The morning sunshine filtered into the room and lit up Nina’s bright yellow lehenga. Her waist long glossy black hair covered her back more graciously than the matching orange net dupatta. She sat in front of the mirror and lined her eyes with kohl. She then picked up the bright red lipstick and painted her lips.
“Nina, the barat is going to be here any time now. Please make it quick”. Her mother Mrs. Roy called from the other side of the closed door.
Mrs Roy like most mothers, was more worried about her daughter’s wedding than her daughter herself. Widowed when Nina was just six, Mrs. Roy had taken the responsibility of raising her little daughter entirely on her own. She used all her savings to get the two of them going through three years of acquiring an MBA in marketing. She worked hard to finish her degree with good grades, and at the end of three years got a job in a multinational corporation.
Life fell into place thereafter. Slowly she replenished the family savings and made a decent life for herself and her daughter.
While growing up, Nina shared a deep bonding with her mother, which was not exactly what you call a mother-daughter bond. It was more like the bonding with a bestie where you share your deepest secrets and craziest dreams. And today, on the day of her wedding, Mrs. Roy knew Nina’s fear.

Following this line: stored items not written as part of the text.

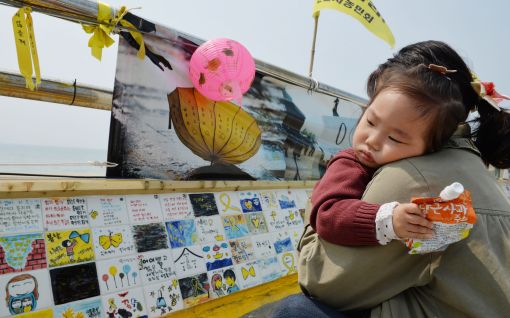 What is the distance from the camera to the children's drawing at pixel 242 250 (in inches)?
86.8

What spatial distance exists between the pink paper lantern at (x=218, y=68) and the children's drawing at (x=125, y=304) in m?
1.20

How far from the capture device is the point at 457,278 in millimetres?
943

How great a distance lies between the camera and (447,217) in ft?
2.76

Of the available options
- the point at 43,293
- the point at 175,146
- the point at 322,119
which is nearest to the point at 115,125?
the point at 175,146

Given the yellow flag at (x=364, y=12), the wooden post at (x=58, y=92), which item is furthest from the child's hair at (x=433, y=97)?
the yellow flag at (x=364, y=12)

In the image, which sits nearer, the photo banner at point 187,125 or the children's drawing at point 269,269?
the photo banner at point 187,125

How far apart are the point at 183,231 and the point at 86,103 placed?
1.01 meters

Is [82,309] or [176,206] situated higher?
[176,206]

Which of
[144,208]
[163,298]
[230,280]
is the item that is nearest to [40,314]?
[163,298]

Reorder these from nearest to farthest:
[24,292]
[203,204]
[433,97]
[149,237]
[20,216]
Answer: [433,97] → [24,292] → [20,216] → [149,237] → [203,204]

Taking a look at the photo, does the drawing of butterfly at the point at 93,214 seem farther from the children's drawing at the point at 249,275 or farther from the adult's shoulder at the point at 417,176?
the adult's shoulder at the point at 417,176

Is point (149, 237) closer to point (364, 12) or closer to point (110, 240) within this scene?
point (110, 240)

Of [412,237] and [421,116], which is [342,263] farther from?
[421,116]

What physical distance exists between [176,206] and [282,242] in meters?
0.76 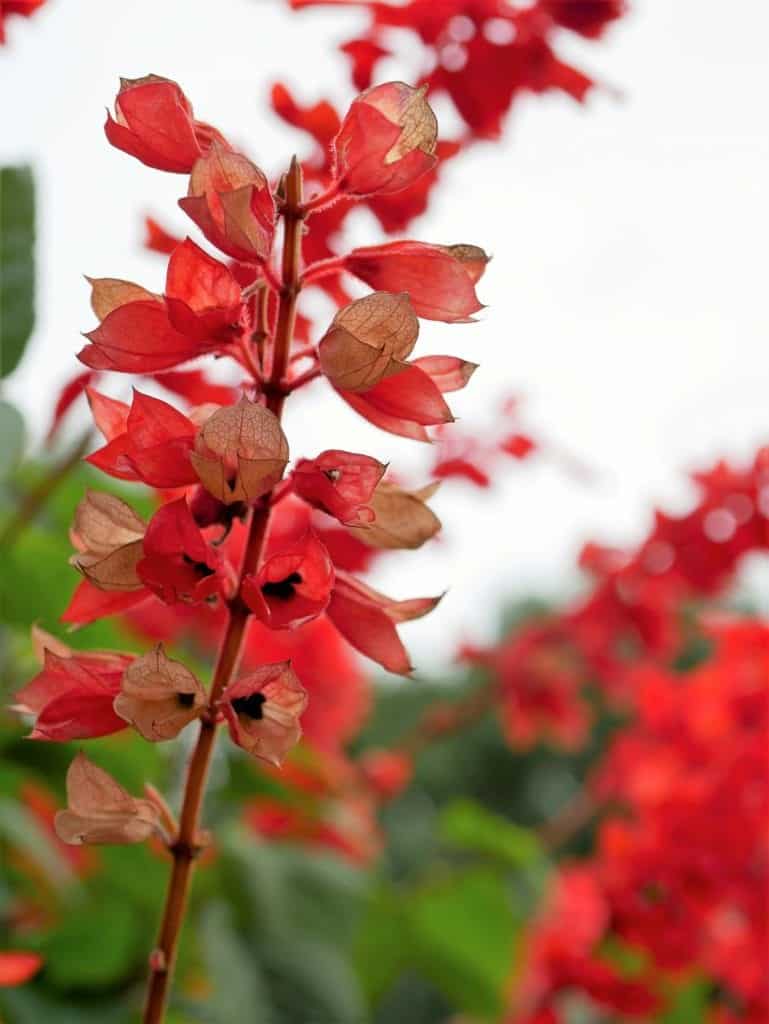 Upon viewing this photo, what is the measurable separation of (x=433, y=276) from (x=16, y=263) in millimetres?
235

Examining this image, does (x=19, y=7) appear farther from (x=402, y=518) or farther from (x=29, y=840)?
(x=29, y=840)

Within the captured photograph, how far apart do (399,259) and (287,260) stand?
0.08 feet

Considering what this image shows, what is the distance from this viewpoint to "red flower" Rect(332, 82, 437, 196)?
249 mm

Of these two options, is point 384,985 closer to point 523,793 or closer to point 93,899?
point 93,899

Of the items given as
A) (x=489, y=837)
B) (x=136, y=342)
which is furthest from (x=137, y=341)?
(x=489, y=837)

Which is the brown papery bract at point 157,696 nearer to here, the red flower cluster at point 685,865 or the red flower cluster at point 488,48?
the red flower cluster at point 488,48

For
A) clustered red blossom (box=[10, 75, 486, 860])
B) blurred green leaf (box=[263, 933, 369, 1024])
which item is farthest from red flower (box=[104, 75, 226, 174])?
blurred green leaf (box=[263, 933, 369, 1024])

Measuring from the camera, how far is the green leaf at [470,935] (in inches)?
40.8

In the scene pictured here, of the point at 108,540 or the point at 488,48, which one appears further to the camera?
the point at 488,48

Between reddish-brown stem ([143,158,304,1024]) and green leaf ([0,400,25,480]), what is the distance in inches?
7.8

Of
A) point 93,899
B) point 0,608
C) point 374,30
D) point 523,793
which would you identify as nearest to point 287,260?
point 374,30

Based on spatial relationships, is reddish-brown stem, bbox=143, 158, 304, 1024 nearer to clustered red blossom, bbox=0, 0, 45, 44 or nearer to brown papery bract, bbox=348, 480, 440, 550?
brown papery bract, bbox=348, 480, 440, 550

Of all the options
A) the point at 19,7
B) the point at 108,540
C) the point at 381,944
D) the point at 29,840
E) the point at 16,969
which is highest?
the point at 19,7

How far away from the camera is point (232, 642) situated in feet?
0.83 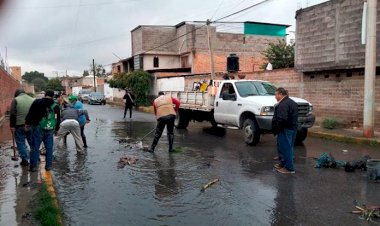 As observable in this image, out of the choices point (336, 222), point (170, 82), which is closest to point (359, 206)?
point (336, 222)

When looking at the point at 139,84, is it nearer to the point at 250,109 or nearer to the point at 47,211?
the point at 250,109

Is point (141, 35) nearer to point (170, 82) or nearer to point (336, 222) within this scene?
point (170, 82)

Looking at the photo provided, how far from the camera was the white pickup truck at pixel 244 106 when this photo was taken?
11930 mm

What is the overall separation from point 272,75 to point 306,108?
7539mm

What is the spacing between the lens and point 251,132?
482 inches

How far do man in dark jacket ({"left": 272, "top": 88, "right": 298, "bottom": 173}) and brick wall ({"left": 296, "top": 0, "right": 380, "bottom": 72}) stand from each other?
24.1 ft

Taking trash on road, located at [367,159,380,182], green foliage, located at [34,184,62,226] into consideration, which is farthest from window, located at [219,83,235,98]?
green foliage, located at [34,184,62,226]

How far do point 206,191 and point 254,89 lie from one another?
7139 millimetres

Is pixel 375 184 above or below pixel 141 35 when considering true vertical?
below

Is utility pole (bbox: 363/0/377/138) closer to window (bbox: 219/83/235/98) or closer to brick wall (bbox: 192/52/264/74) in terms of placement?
window (bbox: 219/83/235/98)

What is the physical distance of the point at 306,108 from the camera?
39.8 feet

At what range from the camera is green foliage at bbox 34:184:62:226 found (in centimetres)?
497

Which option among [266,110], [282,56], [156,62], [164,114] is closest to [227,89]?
[266,110]

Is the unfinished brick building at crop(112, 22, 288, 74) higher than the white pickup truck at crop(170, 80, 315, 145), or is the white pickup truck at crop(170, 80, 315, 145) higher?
the unfinished brick building at crop(112, 22, 288, 74)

Nina had a magenta coloured birthmark the size of a lemon, across her left cheek. All her life she had flaunted it like a cherished tattoo, proud and unabashed. But today she looked afraid. Most of the groom’s family was yet to see her. Until now she had only met her parents in law. What if the new family disapprove of her because of her birthmark?
The night before the wedding, Nina had placed her head on her mother’s lap and confided her fears. It was just like her high school days when someone cracked a joke about “that ugly scar” on her face. Her mother once again told her what she always did in such situations. She said, “The way you see yourself is the way the world sees you, eventually”.
And now here she was, in front of the mirror, wearing the most beautiful piece of jewelry her mother gave her, her confidence. The confidence to be herself. The confidence love herself. Isn’t it the best gift a parent can give to their child?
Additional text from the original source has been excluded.